Riscos cibernéticos, tecnologias digitais e segurança jurídica. Como o mercado se posicionará?

 

O aumento crescente da utilização de tecnologias digitais e de Inteligência Artificial nos negócios vem aumentando significativamente as oportunidades de melhoria da eficiência operacional, com redução de custos no curto, médio e longo prazos, inegáveis ganhos de escala e eliminação de desperdícios nas empresas. Tais ganhos, todavia, vem acompanhados de novos e relevantes riscos que não podem ser ignorados, embora muitas vezes o sejam.

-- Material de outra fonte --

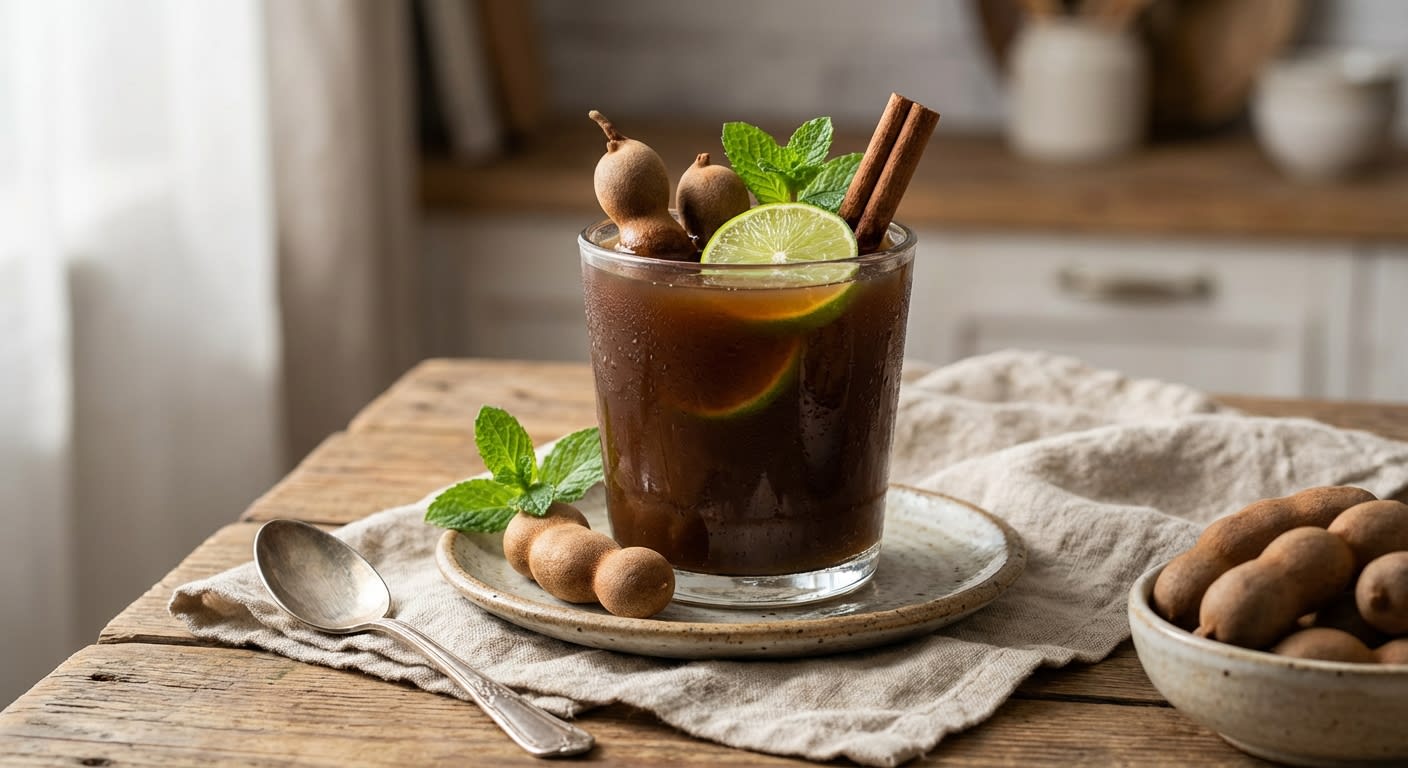 Tamarind Juice (Tamr Hindi)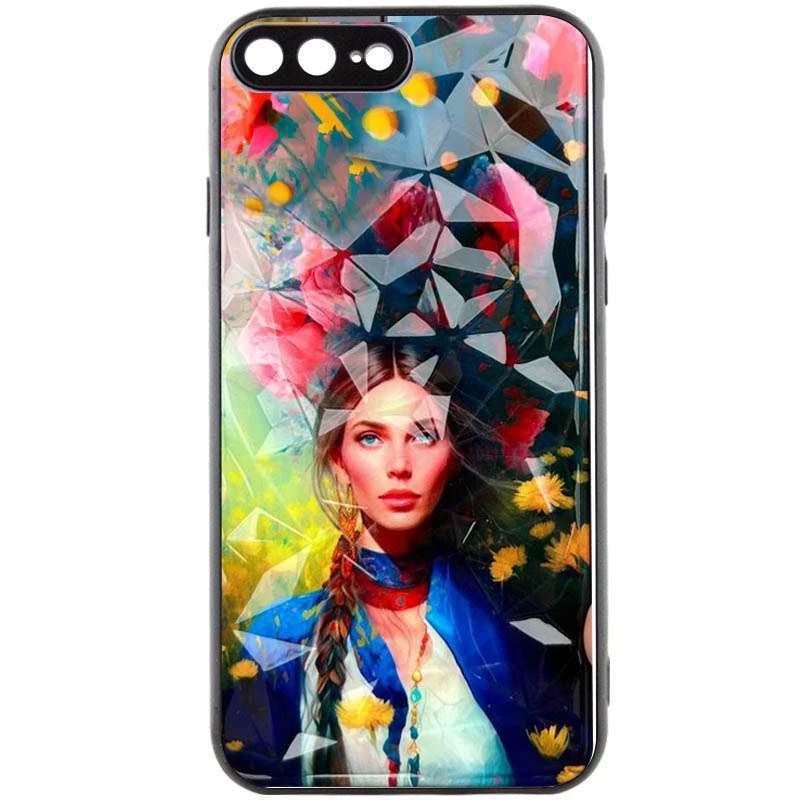 

Скляний чохол Prisma Ladies на Apple iPhone 7 plus / 8 plus (Peonies)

As pautas conhecidas comumente pela sua sigla em inglês como ESG (questões ambientais, sociais e de governança corporativa) têm se beneficiado dos avanços tecnológicos e das aplicações práticas da Inteligência Artificial. Os riscos agregados a tais avanços precisam ser objeto de especial cuidado por empresas e reguladores, em especial pelos advogados envolvidos nos projetos.


O escritor norte-americano Dale Carnegie já afirmou que o barco da segurança nunca vai muito além da margem, o que nos leva a noção de graus de riscos aceitáveis e razoáveis, em especial no competitivo mercado dos dias atuais. Levando-se em conta a necessidade de as grandes e médias empresas incorporarem às suas atividades recursos como Inteligência Artificial, Blockchain, e análises envolvendo big data e machine learning, por exemplo, quais seriam as fragilidades a serem observadas?


         Inicialmente, é preciso que tenhamos em mente que o Relatório do Fórum Econômico Mundial, divulgado em janeiro de 2024, afirmou que ciberataques a bases de dados, registros e sistemas de informática de empresas de todos os portes devem aumentar significativamente nos próximos anos, pedindo atenção especial às estruturas de segurança da informação e ao compliance das instituições.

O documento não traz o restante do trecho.